|Publication number||US7379864 B2|
|Application number||US 10/430,120|
|Publication date||May 27, 2008|
|Filing date||May 6, 2003|
|Priority date||May 6, 2003|
|Also published as||US20040225492|
|Publication number||10430120, 430120, US 7379864 B2, US 7379864B2, US-B2-7379864, US7379864 B2, US7379864B2|
|Inventors||Minkyu Lee, James William McGowan|
|Original Assignee||Lucent Technologies Inc.|
|Export Citation||BiBTeX, EndNote, RefMan|
|Patent Citations (9), Non-Patent Citations (9), Referenced by (3), Classifications (15), Legal Events (7)|
|External Links: USPTO, USPTO Assignment, Espacenet|
The present invention relates generally to the field of packet-based communication systems for speech transmission, and more particularly to a method and apparatus for estimating a packet loss rate and packet loss patterns from speech that has been transmitted through an Internet Protocol (IP) network using Voice-over-IP (VoIP) speech coding techniques.
When different telecommunications network carriers exchange voice-over-IP traffic—for example, when a Voice-over-IP telephone call is made from a subscriber of a first carrier to a subscriber of a second carrier—the exchange of data is, in accordance with current practice, invariably performed with use of traditional Time Division Multiplexed (TDM) links. Meanwhile, the transmission of Internet Protocol (IP) traffic (i.e., network packets) within a given carrier is commonly performed with use of a packet loss concealment technique which recognizes, and compensates for, the loss of packets (i.e., the failure to receive one or more of the transmitted packets). However, such packet loss concealment techniques are far from perfect, and often introduce audible distortions in the resultant speech.
In addition, it is often necessary for network carriers to guarantee (or at least to be able to measure) a Quality-of-Service (QoS) level to (or for) its customers. In order to be able to do so when VoIP calls have been received from another carrier, it would be highly advantageous for the receiving carrier to be able to identify (e.g., count) the presence of packet losses which occurred in the other carrier's IP network, particularly those that have introduced such audible distortions. However, while Real-time Protocol (RTP) header information is used within an IP packet network to detect lost packets on IP networks, there are currently no methods for detecting whether such packet losses have occurred on speech that is no longer packetized.
Therefore, it would be highly desirable to be able to estimate a packet loss rate and pattern from a speech signal that has been encoded, transmitted through an IP network, decoded with the use of concealed packet loss techniques, and subsequently converted to a non-packetized form (e.g., TDM).
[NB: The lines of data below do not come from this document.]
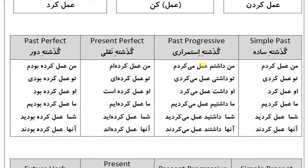Past progressive (گذشته استمراری): من داشتم عمل می‌کردم، تو داشتی عمل می‌کردی، او داشت عمل می‌کرد، ما داشتیم عمل می‌کردیم، شما داشتید عمل می‌کردید، آنها داشتند عمل می‌کردند. Present perfect (گذشته نقلی): من عمل کرده‌ام، تو عمل کرده‌ای، او عمل کرده است، ما عمل کرده‌ایم، شما عمل کرده‌اید.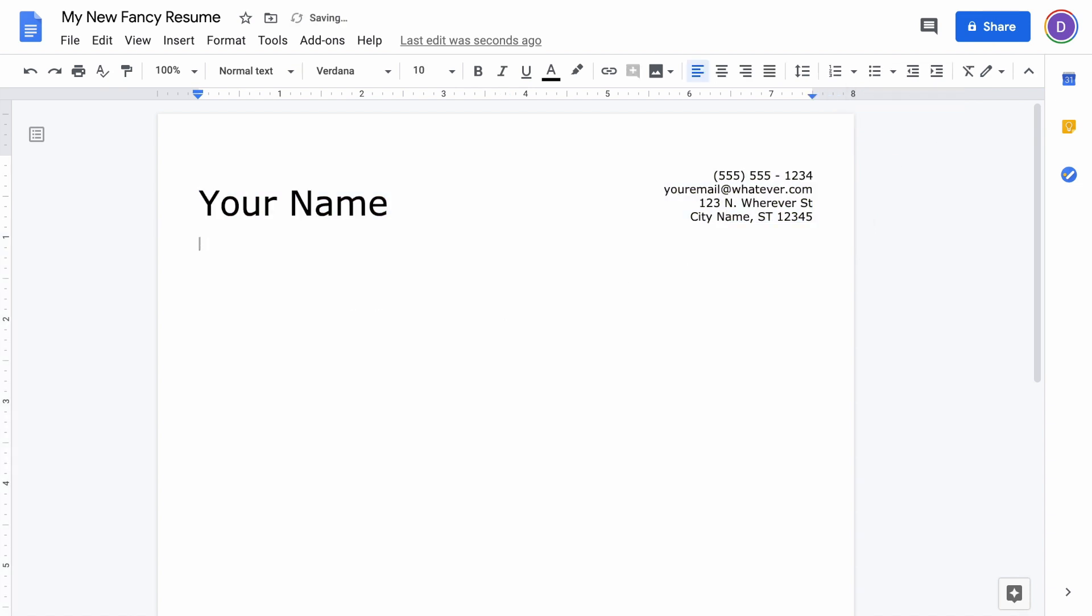Below this table, hit Enter. In all caps, write the word SKILLS, hit Enter twice, write the word EXPERIENCE, hit Enter twice, and then write the word EDUCATION and hit Enter once. These are going to be your three sections, and then we'll format them.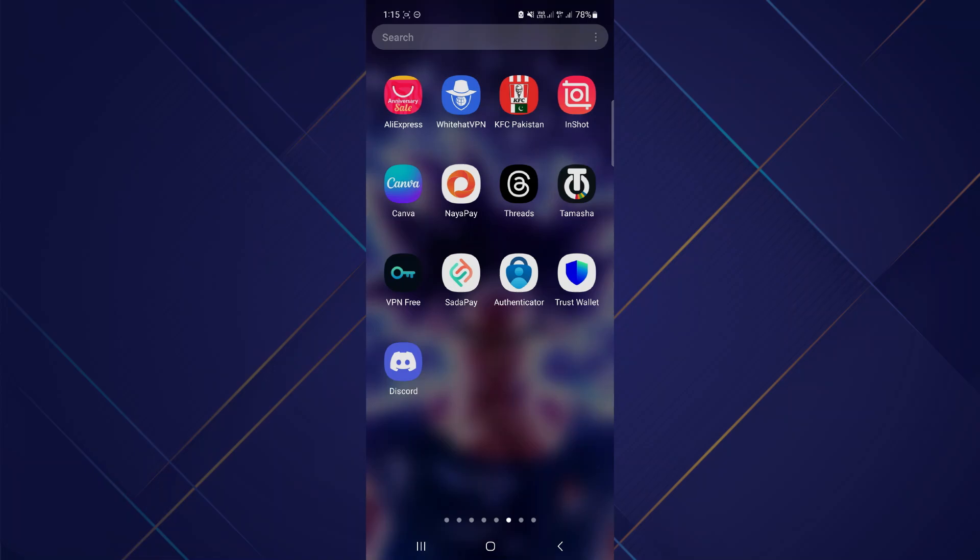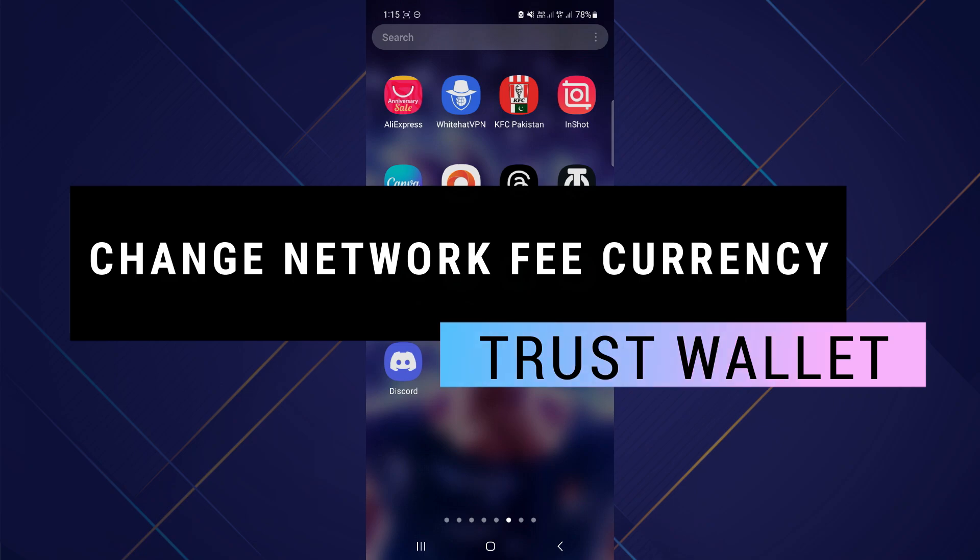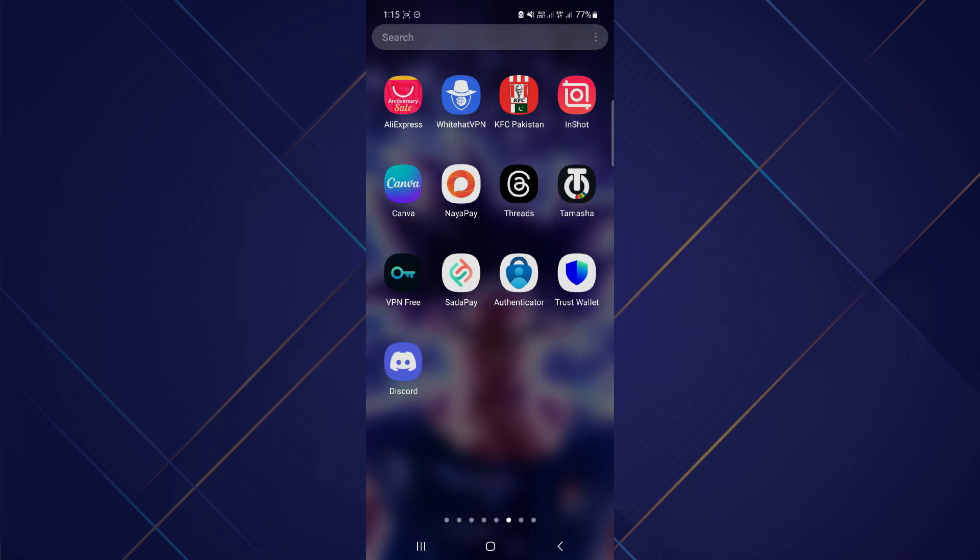Hey guys, in this video I will show you how to change network fee currency in Trust Wallet. Make sure to watch the video till the very end and let's begin. First of all, open the Trust Wallet app on your mobile device.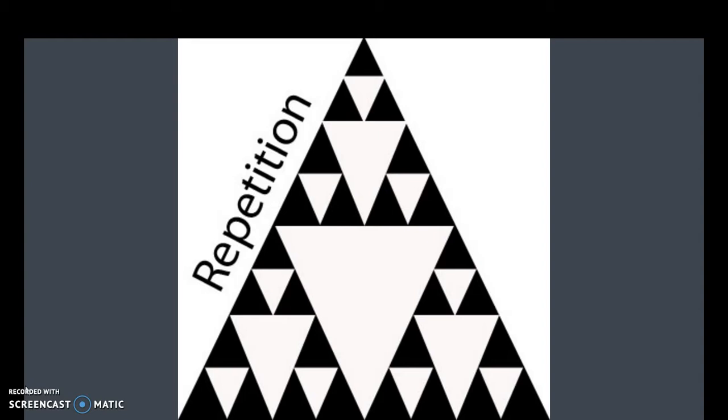In this example, you have the triangles repeated over and over. When you are creating things, when you make a presentation, you want to pick one design element and stick with it.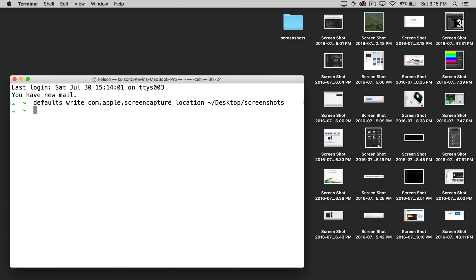You might think that the default configuration is now updated — and it did update — but the Mac hasn't actually taken that into effect yet. So in order to do that, we need to reload the current settings by running another command: killall SystemUIServer, and hit enter.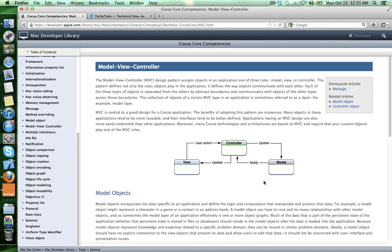And that class may also have a .xib file associated with it. And that .xib file basically represents our view.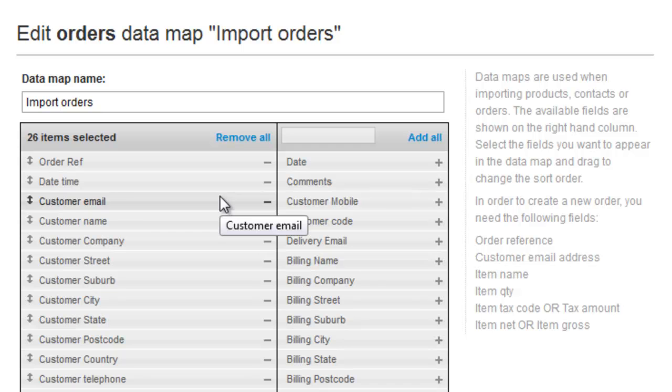If the email address matches a supplier or a vendor, a purchase order will be created. If you want to import purchase orders, put them into a separate import file from your sales orders.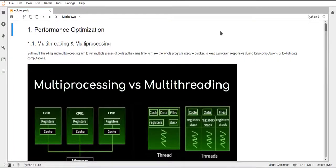Hello and welcome to the last week of this course. In this week I will talk about performance optimization in Python — how you can make your code run quicker, or different methods of executing a program efficiently, or for example keeping a program running while you do something else. For this we will use multiprocessing and multithreading.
In other words, it would be desirable to be able to determine packet loss that has occurred once the speech has been reconstructed and, therefore, lost packet information is no longer available.
We have recognized that when the packet loss concealment algorithm fails due to packet loss in the IP network, there are distinct spectral features that can be advantageously and reliably detected using certain known signal processing methods. For example, and in accordance with one illustrative embodiment of the present invention, a distinct feature of packet loss in speech which has not been adequately concealed causes a detectable “clicking sound” due to phase and/or amplitude mismatches at the boundaries of lost packets. Recognizing this fact, and in accordance with the one illustrative embodiment of the present invention, these phase/amplitude mismatches may be advantageously detected with use of a conventional filter-bank, or, in the digital domain, a Fast Fourier Transform (FFT) algorithm (which is well known to those of ordinary skill in the art). In particular, voice signals which result from (unsuccessful) packet loss concealment, unlike “clean” voice signals, typically show very high signal energy spread over wide frequency bands.
Note that when packet loss concealment works well, the voice quality at the receiving end is not degraded by the packet loss in the IP network at all (or minimally so). In such a case, the “listener” on the other side of the TDM link would probably not notice any voice quality degradation and it therefore becomes irrelevant (from the perspective of Quality-of-Service) whether packets were lost or not. Therefore, in accordance with the principles of the present invention, the instant invention advantageously estimates not the “actual” packet loss rate (or pattern) in the IP network, but rather, in accordance with the illustrative embodiments thereof, advantageously estimates the rate and pattern of packet loss that has not been adequately concealed by the concealment algorithms. This is the loss that actually affects the voice quality.
Thus, the present invention provides a method and apparatus for detecting previous packet loss in non-packetized speech by applying one or more filters to a segment of said non-packetized speech, each of said one or more filters determining an energy parameter value for a given frequency band of said segment of said non-packetized speech; comparing one or more of said determined energy parameter values to one or more corresponding thresholds; and detecting previous packet loss based on said comparison of said one or more of said determined energy parameter values to said one or more of said corresponding thresholds.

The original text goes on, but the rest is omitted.